Direktorat Jenderal Bea dan Cukai (DJBC) Jawa Timur I mengungkapkan kecaman terhadap aksi merobohkan rumah dinas yang dilakukan seorang perempuan di Surabaya menggunakan alat berat ekskavator. Kasus ini kini tengah disidangkan di Pengadilan Negeri Surabaya dan menerima perhatian publik yang luas.
Kepala DJBC Jatim I, Rusman Hadi, menegaskan bahwa tindakan merobohkan rumah dinas tersebut adalah pelanggaran hukum yang jelas dan tergolong tindak pidana umum. Kejadian ini menunjukkan betapa pentingnya menjaga aset-aset negara agar tidak disalahgunakan atau dirusak.
Dari laporan yang diterima, rumah dinas tersebut merupakan aset milik instansi Bea Cukai yang disewakan kepada pegawai aktif dengan biaya yang sangat terjangkau. Hal ini menjadikan rumah dinas tersebut sangat penting, terutama bagi pegawai yang belum memiliki tempat tinggal sendiri.
Detail Kasus Perobohan Rumah Dinas di Surabaya
Rusman menyebutkan bahwa rumah dinas itu pada dasarnya diperuntukkan bagi pegawai aktif. Namun, ketika pegawai pensiun, rumah tersebut harus dikembalikan kepada negara sesuai dengan regulasi yang berlaku. Dalam kasus ini, seorang mantan pegawai menolak untuk mengosongkan rumah tersebut, berdalih tidak memiliki tempat tinggal lain.
Di pihak penyewa, Rusman mengungkapkan bahwa seharusnya ketika pegawai pensiun, rumah dinas itu dikembalikan agar dapat digunakan oleh pegawai lainnya. Namun, alasan yang diberikan oleh mantan pegawai tersebut jelas tidak bisa dibenarkan, melihat pentingnya ketersediaan tempat tinggal bagi pegawai yang aktif.
Dia menekankan bahwa tindakan merusak aset negara tidak akan dibiarkan dan perlu disikapi dengan serius. Upaya untuk membangun kembali rumah yang dirusak memerlukan dana yang tidak sedikit, dan ini menjadi tanggung jawab semua pihak.

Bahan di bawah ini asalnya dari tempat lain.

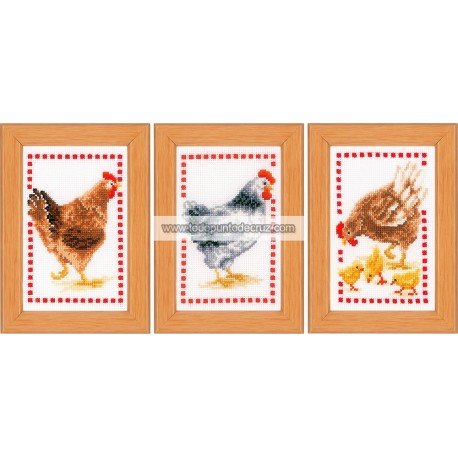 Kit Punto de Cruz Set de 3 Miniaturas Gallinas Vervaco PN-0146565 Chickens cross stitch kit set of 3 designs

Proses Hukum yang Ditempuh DJBC
DJBC telah mengambil langkah tegas untuk melaporkan tindakan tersebut ke pihak kepolisian melalui tim bantuan hukum yang dimilikinya. Rusman menjelaskan bahwa penanganan perkara ini dilakukan sepenuhnya oleh tim bantuan hukum Bea Cukai, dan saat ini kasus tersebut sudah memasuki tahap persidangan.
Upaya hukum yang dilakukan merupakan langkah penting dalam rangka mengamankan aset negara. Pasalnya, seluruh aset Bea Cukai sudah memiliki sertifikat yang menyatakan bahwa itu adalah barang milik negara.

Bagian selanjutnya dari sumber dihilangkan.